The phasing out of the old scheme may well have had something to do with the rush towards the end of 2020, with second-time movers wanting to get their applications in before it was closed to them.

Buyers may also have been spurred into action before the price caps were introduced, which work out at 1.5 times the average price paid by first-time buyers in each region of England in August 2018. Or it could have been caused by the stamp duty holiday on the first £500,000 of property purchases introduced last summer, which will start to be phased out from the end of this month.

Whatever the reason for the surge, I firmly believe that Help to Buy will continue to be as popular with first-time buyers as it has been for the past eight years, especially as house prices in the UK are now the highest they’ve ever been.

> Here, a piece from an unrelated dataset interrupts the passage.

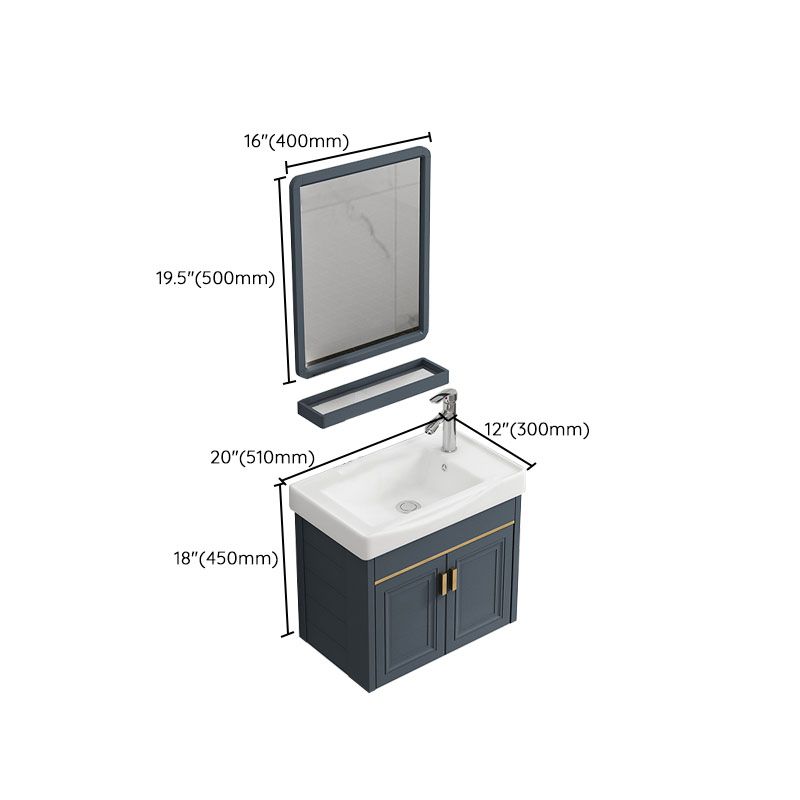 Modern Metal Blue Wall Mount Sink Vanity Faucet Included for Bathroom Clearhalo 'Bathroom Remodel & Bathroom Fixtures' 'Bathroom Vanities' 'bathroom_vanities' 'Home Improvement' 'home_improvement' 'home_improvement_bathroom_vanities' 1200x1200_af33de9c-b4a4-4689-b352-27125d01e8d5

According to the latest UK House Price Index, the average price in March stood at £256,000. This is £24,000 more than at the same time last year.

During that period, prices increased by 10.2%, marking the highest annual growth rate the UK has seen since August 2007.

That’s a lot of money to anyone, and especially for those looking to take their first step on the property ladder.

I believe that in times when it’s difficult for people to get on the property ladder, it is vital that they continue to receive all the support they need to ensure they can benefit from a scheme which has already played such an important part in helping tens of thousands of aspiring homeowners.

Precise Mortgages was one of the first specialist lenders to enter the Help to Buy market.

We recognise just how important the scheme has been, and we will continue to support it before it finally closes for business in 2023.